L’ex ministro alla Difesa sudcoreano ha tentato il suicidio in carcere
Il ministro della Difesa sudcoreano Kim Yong-hyun ha tentato il suicidio in carcere. Si era dimesso giovedì, il giorno dopo l’abrogazione della legge marziale che per qualche ora, nella notte tra il 3 e il 4 dicembre, era stata imposta dal governo di Seul su pressione del presidente Yoon Suk Yeol. Un tentativo che era immediatamente naufragato di fronte alle pressioni dei parlamentari e, soprattutto, dell’alleato americano che non aveva visto di buon occhio l’iniziativa del presidente. Kim Yong-hyun era stato arrestato domenica con l’accusa di aver commesso “un abuso di potere per ostacolare l’esercizio dei diritti” svolgendo “un ruolo cruciale” durante la “ribellione” contro la Costituzione orchestrata dal presidente Yoon Suk Yeol. Aveva ammesso ogni responsabilità, l’ex ministro alla Difesa scusandosi “profondamente” per l’accaduto. Tra le accuse, inoltre, ce n’era stata un’altra che, se possibile, era ancora più grave. Ossia quella di aver spedito droni al confine con la Corea del Nord per tentare la creazione di un casus belli con Pyongyang da sfruttare, politicamente, sullo scenario interno. La conferma del tentato suicidio da parte dell’ex ministro è giunto da un funzionario della sicurezza carceraria.

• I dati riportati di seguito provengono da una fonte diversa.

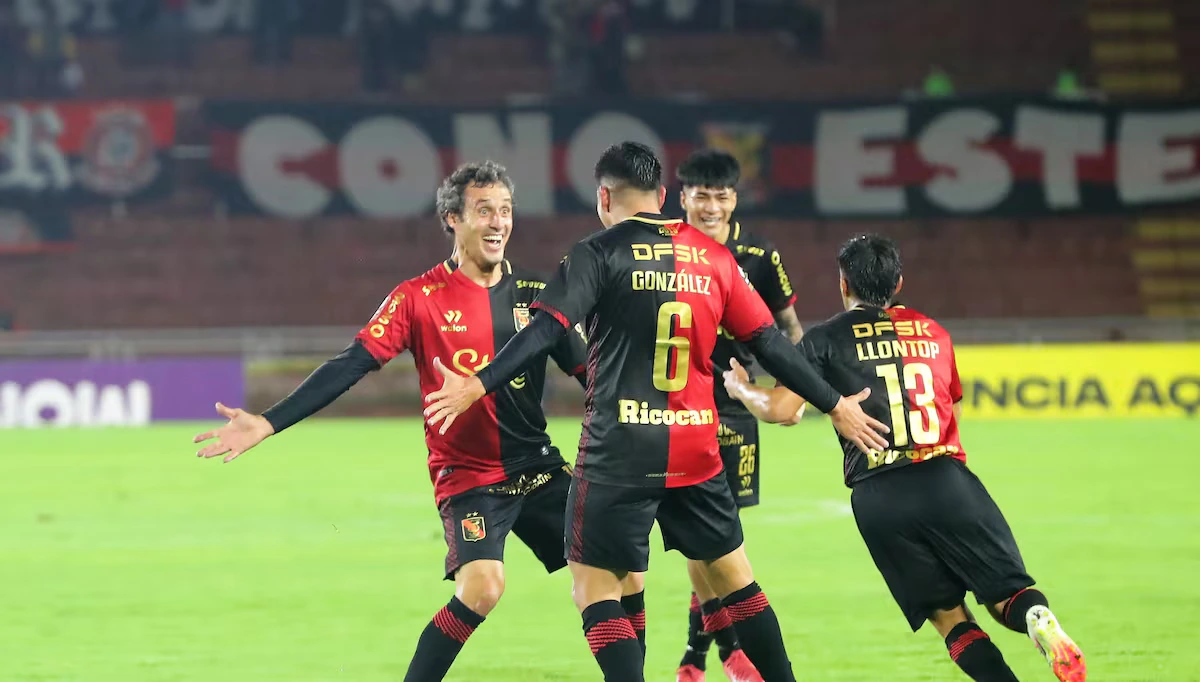 Melgar busca sellar su clasificación en casa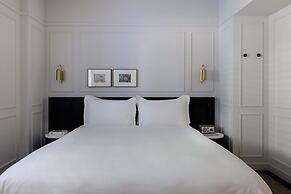 Pillows Grand Boutique Hotel Maurits at the Park - Small Luxury Hotels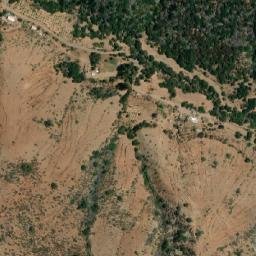Satellite imagery of Cerros de Los Cachos, CL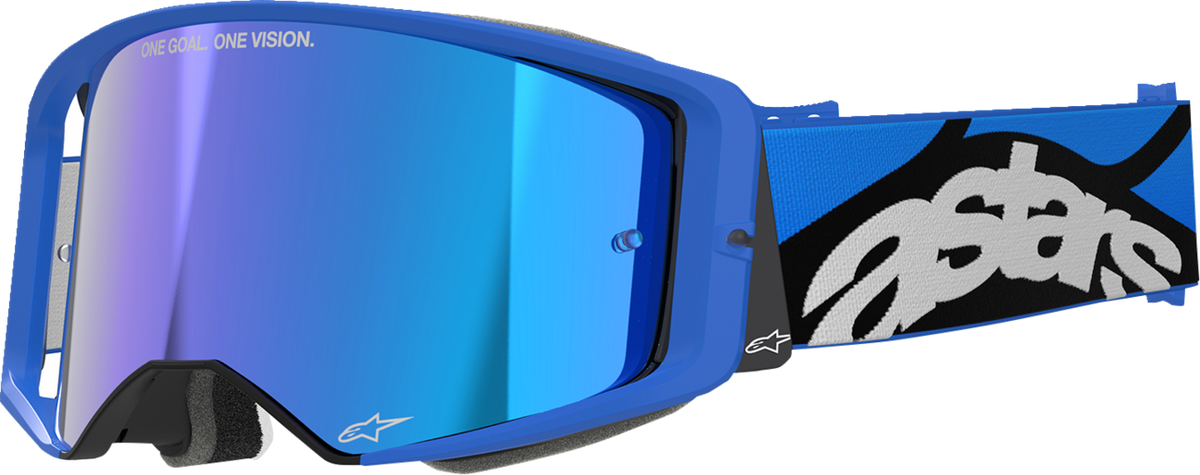Alpinestars Supertech Stream Goggle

Intanto la polizia sudcoreana ha svolto ieri una perquisizione all’interno dell’ufficio presidenziale. Come si legge in una nota, una squadra investigativa speciale ha condotto una perquisizione presso l’ufficio presidenziale, l’Agenzia nazionale di polizia, l’Agenzia di polizia metropolitana di Seoul e l’unità di sicurezza dell’Assemblea nazionale. L’obiettivo degli inquirenti è fare piena chiarezza attorno ai fatti e comprendere se ci fu complotto ed eventualmente raggiungere ogni “partecipante” al golpe bianco che si stava consumando nella Corea del Sud.